Israel Fencing Association איגוד הסיוף בישראל
- Sport: Fencing
- Jurisdiction: Israel
- Founded: 1996
- Affiliation: Fédération Internationale d'Escrime
- Regional affiliation: European Fencing Confederation
- Headquarters: Wingate Institute, Israel
- President: Yosef Harari
- CEO: Irina Tal

Official website
- www.fencing.org.il
- Israel

= Israel Fencing Association =

National governing body for fencing in Israel

The Israel Fencing Association (איגוד הסיוף בישראל) is the national governing body for fencing in Israel.

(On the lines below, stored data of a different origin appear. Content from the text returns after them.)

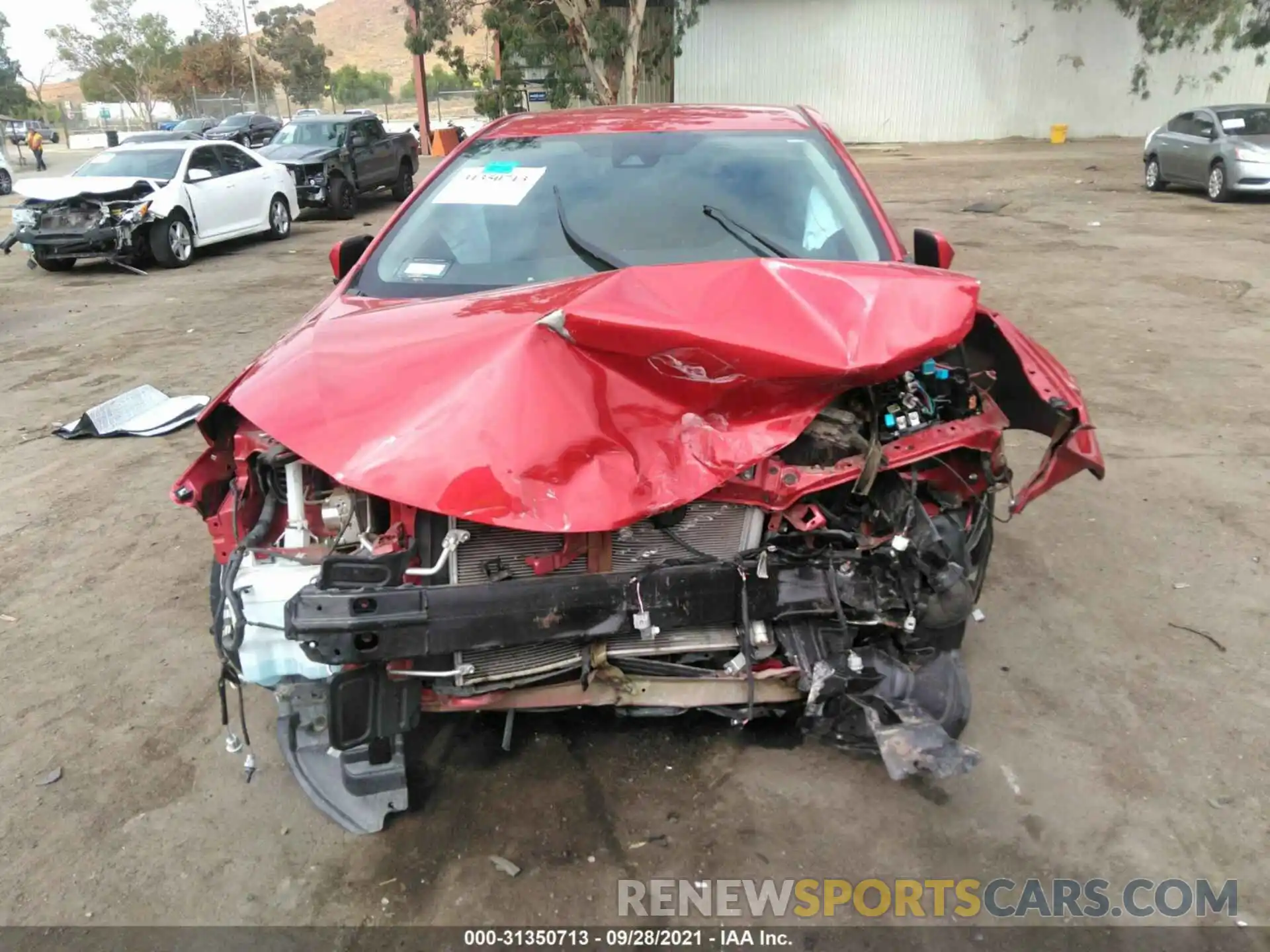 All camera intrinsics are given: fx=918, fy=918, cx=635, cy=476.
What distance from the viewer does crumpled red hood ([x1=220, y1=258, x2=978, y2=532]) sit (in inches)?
88.2

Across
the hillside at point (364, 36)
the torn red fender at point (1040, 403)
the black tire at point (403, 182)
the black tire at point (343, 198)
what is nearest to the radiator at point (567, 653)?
the torn red fender at point (1040, 403)

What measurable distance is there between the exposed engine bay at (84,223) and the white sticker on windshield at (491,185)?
9568mm

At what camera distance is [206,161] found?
12.6 metres

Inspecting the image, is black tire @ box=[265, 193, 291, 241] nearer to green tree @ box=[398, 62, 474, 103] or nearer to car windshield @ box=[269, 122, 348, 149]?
car windshield @ box=[269, 122, 348, 149]

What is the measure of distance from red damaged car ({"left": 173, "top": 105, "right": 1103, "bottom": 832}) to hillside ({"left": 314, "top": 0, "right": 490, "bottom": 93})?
439ft

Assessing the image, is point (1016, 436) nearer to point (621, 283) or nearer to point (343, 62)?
point (621, 283)

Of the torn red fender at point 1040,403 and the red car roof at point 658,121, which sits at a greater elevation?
the red car roof at point 658,121

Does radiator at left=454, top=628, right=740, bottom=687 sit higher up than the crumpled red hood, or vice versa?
the crumpled red hood

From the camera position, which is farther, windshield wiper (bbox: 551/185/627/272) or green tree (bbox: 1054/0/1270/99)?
green tree (bbox: 1054/0/1270/99)

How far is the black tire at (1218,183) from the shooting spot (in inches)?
580

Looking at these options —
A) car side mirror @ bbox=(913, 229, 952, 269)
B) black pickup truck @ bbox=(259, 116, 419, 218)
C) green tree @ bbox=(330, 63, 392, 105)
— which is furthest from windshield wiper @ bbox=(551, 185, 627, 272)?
green tree @ bbox=(330, 63, 392, 105)

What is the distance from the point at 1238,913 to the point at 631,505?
1.89m

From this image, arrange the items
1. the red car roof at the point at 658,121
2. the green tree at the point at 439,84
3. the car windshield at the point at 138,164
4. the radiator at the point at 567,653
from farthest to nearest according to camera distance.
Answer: the green tree at the point at 439,84 < the car windshield at the point at 138,164 < the red car roof at the point at 658,121 < the radiator at the point at 567,653

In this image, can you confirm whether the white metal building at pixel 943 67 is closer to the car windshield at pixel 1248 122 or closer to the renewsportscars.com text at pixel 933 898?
the car windshield at pixel 1248 122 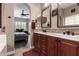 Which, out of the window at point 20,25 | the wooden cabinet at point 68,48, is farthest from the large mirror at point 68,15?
the window at point 20,25

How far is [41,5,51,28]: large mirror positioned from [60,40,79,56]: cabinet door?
174 centimetres

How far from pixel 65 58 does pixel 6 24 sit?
2.07m

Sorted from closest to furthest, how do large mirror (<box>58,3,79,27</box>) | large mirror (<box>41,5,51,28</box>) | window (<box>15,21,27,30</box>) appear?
large mirror (<box>58,3,79,27</box>), window (<box>15,21,27,30</box>), large mirror (<box>41,5,51,28</box>)

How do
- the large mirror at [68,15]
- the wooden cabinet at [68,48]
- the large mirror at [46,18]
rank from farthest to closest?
the large mirror at [46,18]
the large mirror at [68,15]
the wooden cabinet at [68,48]

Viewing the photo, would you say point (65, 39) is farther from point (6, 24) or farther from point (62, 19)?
point (6, 24)

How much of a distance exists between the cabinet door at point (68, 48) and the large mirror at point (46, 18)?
174 centimetres

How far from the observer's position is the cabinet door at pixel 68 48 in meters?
1.46

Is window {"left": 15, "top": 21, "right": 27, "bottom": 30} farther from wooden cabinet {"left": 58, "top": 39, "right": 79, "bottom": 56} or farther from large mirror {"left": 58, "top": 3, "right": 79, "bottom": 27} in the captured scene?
wooden cabinet {"left": 58, "top": 39, "right": 79, "bottom": 56}

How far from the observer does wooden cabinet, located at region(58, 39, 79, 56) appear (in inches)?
57.0

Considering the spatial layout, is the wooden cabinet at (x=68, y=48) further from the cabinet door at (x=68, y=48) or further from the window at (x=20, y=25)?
the window at (x=20, y=25)

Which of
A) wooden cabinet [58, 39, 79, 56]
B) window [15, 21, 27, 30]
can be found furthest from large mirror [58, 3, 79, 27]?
window [15, 21, 27, 30]

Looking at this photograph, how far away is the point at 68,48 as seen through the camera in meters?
1.63

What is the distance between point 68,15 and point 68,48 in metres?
1.04

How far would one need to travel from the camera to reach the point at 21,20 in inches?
127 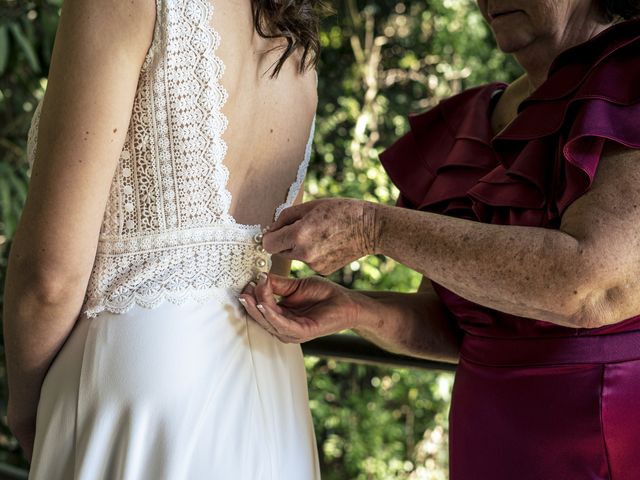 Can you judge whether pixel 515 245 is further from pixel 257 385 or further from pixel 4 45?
pixel 4 45

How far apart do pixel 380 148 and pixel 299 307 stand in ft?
9.54

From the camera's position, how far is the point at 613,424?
1304 mm

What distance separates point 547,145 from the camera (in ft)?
4.39

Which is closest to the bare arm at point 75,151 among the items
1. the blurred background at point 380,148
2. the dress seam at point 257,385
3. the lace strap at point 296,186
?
the dress seam at point 257,385

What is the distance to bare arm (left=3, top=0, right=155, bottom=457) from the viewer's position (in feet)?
3.66

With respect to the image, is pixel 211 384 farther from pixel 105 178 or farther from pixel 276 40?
pixel 276 40

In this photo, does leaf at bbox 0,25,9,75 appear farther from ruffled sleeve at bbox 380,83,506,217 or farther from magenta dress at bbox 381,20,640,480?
magenta dress at bbox 381,20,640,480

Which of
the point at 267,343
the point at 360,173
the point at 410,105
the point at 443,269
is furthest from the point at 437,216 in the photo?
the point at 410,105

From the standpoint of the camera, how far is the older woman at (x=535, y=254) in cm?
118

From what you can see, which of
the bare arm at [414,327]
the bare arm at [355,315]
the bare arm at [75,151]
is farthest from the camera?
the bare arm at [414,327]

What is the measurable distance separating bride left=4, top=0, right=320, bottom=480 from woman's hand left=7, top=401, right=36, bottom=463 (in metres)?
0.07

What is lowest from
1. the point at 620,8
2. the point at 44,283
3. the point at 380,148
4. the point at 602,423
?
the point at 380,148

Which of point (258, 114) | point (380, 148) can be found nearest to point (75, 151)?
point (258, 114)

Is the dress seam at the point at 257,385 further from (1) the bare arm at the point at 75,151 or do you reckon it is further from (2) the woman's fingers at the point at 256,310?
(1) the bare arm at the point at 75,151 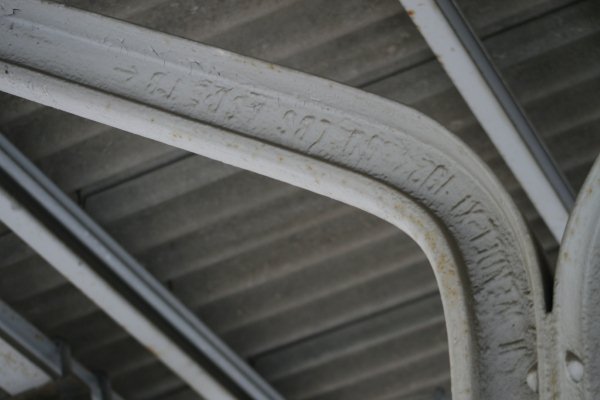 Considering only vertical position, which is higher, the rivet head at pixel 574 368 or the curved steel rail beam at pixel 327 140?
the curved steel rail beam at pixel 327 140

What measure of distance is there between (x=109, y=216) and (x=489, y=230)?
9.27ft

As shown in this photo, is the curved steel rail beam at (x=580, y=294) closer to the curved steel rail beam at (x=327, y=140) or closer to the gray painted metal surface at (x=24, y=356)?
the curved steel rail beam at (x=327, y=140)

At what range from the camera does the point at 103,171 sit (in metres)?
4.96

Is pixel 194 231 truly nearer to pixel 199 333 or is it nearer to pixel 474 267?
pixel 199 333

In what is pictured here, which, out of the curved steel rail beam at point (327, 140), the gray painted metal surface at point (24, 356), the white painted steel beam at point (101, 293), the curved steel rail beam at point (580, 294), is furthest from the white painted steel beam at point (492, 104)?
the gray painted metal surface at point (24, 356)

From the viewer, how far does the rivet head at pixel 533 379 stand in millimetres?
2558

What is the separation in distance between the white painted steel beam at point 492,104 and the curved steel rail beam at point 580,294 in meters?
1.82

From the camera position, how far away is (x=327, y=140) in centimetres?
297

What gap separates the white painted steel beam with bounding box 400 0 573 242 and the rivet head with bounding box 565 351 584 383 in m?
2.07

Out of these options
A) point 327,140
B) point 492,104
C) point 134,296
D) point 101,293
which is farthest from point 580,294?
point 134,296

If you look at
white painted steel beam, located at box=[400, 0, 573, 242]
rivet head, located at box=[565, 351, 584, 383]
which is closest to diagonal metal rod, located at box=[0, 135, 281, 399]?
white painted steel beam, located at box=[400, 0, 573, 242]

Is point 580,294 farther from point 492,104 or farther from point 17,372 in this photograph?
point 17,372

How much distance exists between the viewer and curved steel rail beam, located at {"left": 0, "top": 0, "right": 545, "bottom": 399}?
8.89ft

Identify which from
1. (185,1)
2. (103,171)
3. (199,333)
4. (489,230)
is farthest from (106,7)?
(489,230) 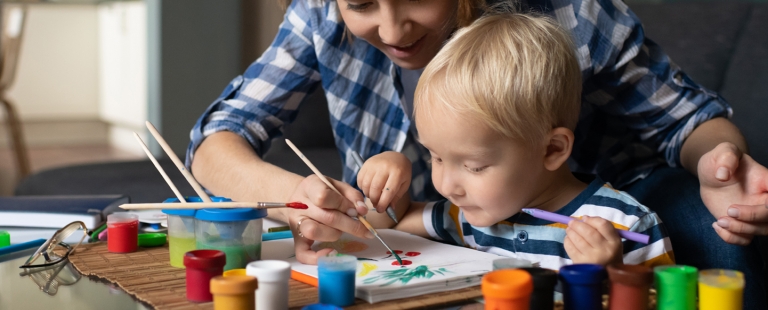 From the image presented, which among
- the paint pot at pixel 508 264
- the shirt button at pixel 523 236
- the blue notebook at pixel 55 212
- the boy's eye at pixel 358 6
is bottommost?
the blue notebook at pixel 55 212

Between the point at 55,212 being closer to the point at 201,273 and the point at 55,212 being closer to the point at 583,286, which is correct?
the point at 201,273

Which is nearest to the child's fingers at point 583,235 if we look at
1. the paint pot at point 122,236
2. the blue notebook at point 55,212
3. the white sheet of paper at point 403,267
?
the white sheet of paper at point 403,267

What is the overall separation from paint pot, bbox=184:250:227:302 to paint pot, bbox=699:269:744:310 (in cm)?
45

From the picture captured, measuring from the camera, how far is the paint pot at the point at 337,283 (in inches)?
29.7

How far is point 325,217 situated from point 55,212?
0.51 metres

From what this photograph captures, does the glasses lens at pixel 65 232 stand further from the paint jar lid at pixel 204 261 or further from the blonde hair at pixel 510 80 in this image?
the blonde hair at pixel 510 80

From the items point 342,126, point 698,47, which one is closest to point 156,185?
point 342,126

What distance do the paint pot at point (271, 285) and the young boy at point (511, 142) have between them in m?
0.32

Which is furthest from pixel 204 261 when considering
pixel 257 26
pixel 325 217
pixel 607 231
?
pixel 257 26

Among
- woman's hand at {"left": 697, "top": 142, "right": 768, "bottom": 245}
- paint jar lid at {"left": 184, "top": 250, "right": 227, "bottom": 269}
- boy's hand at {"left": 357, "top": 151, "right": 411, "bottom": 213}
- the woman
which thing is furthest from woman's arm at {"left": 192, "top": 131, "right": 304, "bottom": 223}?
woman's hand at {"left": 697, "top": 142, "right": 768, "bottom": 245}

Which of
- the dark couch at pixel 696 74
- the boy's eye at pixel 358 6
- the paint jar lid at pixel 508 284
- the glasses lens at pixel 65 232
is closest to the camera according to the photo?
the paint jar lid at pixel 508 284

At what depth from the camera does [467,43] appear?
40.1 inches

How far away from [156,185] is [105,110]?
3675 millimetres

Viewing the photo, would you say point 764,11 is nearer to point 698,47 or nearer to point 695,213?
point 698,47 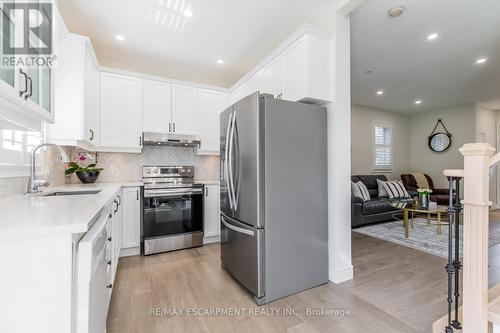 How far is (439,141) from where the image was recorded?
6684mm

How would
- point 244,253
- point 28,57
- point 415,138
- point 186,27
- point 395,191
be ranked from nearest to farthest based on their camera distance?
point 28,57 → point 244,253 → point 186,27 → point 395,191 → point 415,138

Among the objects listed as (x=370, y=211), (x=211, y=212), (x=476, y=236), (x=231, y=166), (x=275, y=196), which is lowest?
(x=370, y=211)

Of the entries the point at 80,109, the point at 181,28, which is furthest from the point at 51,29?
the point at 181,28

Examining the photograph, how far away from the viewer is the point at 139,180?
3570 mm

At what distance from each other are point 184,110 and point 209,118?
421 millimetres

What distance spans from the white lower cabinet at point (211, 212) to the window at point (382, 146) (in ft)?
16.9

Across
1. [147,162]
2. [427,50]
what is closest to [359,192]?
[427,50]

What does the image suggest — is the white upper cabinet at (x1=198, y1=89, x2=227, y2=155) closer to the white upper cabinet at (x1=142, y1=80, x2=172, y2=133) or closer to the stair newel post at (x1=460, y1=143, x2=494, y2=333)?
the white upper cabinet at (x1=142, y1=80, x2=172, y2=133)

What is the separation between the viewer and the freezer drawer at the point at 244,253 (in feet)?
6.45

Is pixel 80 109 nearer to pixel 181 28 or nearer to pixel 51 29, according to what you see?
pixel 51 29

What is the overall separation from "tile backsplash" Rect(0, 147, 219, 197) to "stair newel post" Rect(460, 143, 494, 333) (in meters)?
3.43

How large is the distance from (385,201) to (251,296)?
3.88 metres

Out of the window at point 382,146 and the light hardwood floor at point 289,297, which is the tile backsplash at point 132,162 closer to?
the light hardwood floor at point 289,297

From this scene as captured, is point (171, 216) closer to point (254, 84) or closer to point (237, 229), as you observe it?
point (237, 229) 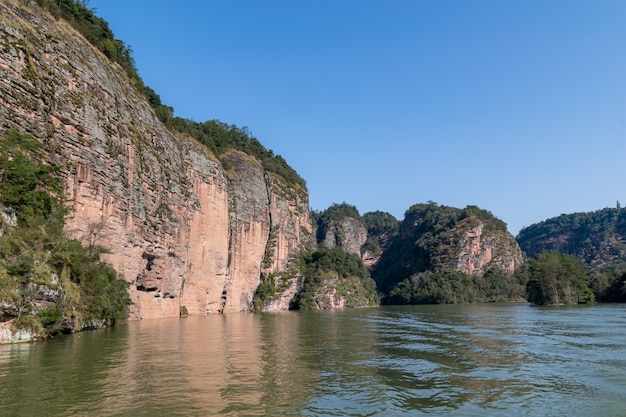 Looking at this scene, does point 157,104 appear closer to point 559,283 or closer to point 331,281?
point 331,281

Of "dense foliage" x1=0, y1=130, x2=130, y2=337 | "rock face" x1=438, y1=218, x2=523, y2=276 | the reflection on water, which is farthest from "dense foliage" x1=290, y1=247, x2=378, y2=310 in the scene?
the reflection on water

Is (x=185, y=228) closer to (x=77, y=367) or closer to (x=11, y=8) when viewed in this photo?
(x=11, y=8)

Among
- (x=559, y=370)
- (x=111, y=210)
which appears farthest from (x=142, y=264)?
(x=559, y=370)

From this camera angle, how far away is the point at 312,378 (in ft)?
50.9

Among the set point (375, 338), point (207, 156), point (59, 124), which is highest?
point (207, 156)

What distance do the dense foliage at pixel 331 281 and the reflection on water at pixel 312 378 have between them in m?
74.1

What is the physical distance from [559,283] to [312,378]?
78775 mm

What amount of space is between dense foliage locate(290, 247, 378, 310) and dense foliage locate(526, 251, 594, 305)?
40.4 meters

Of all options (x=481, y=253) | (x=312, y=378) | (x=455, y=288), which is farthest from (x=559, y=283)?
(x=481, y=253)

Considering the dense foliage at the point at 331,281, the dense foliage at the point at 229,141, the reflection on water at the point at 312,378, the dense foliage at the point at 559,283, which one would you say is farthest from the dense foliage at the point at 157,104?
the dense foliage at the point at 559,283

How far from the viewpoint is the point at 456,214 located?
18262 cm

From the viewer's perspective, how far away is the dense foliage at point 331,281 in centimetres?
9912

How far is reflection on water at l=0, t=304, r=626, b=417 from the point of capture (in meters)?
11.6

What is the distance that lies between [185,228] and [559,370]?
49.2 metres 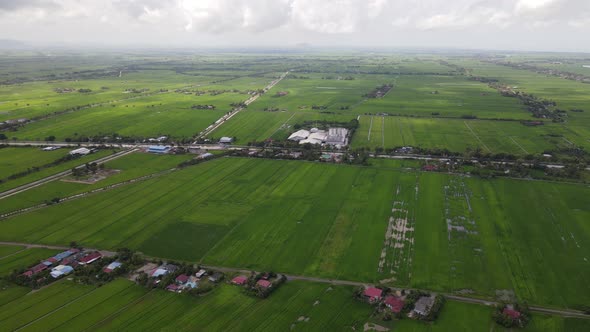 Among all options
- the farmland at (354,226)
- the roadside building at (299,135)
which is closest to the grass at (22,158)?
the farmland at (354,226)

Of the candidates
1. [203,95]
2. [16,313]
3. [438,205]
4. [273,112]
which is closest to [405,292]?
[438,205]

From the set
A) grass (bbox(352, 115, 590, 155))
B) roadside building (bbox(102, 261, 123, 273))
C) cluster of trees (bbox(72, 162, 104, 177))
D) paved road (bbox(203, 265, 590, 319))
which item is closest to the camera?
paved road (bbox(203, 265, 590, 319))

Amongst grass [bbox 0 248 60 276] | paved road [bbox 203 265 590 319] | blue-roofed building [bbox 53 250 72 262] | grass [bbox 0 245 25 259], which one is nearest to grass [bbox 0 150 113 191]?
grass [bbox 0 245 25 259]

The Association's headquarters are at Wingate Institute, Israel. It is part of the 45-nation European Fencing Confederation. The CEO of the Association is Shalom Cohen.

==History==

The Israel Fencing Association was founded in 1996 in Tel Aviv. In 2004, Dr. Vladimir Shklar was the chairman of the association. In May 2013 Shklar was also elected vice president of the Olympic Committee of Israel. In November 2015, he was named president of the European Fencing Confederation. Uri Harlap then replaced Shklar as president of the Israel Fencing Association.

In 2008, Israeli fencer Yuval Freilich, a national under-13 champion, successfully sued the Israel Fencing Association to require it to refrain temporarily from holding fencing competitions on Shabbat (the Jewish sabbath), saying that the Association's actions violated Israel's Equal Opportunities Act. The Israeli Supreme Court ruled that the Fencing Association's practice was discriminatory, and ordered it to either allow Freilich to compete on a different day or hand him technical victories for any Sabbath match. Freilich subsequently won the age group World Cadet Championships in Moscow, and the age group European Championships. But the ruling expired after two years, and did not result in any permanent change. The Israeli Supreme Court declined to intervene a second time.

Jerusalem, Israel, was chosen to host of the European Fencing Confederation's Under-20 Championships in 2013.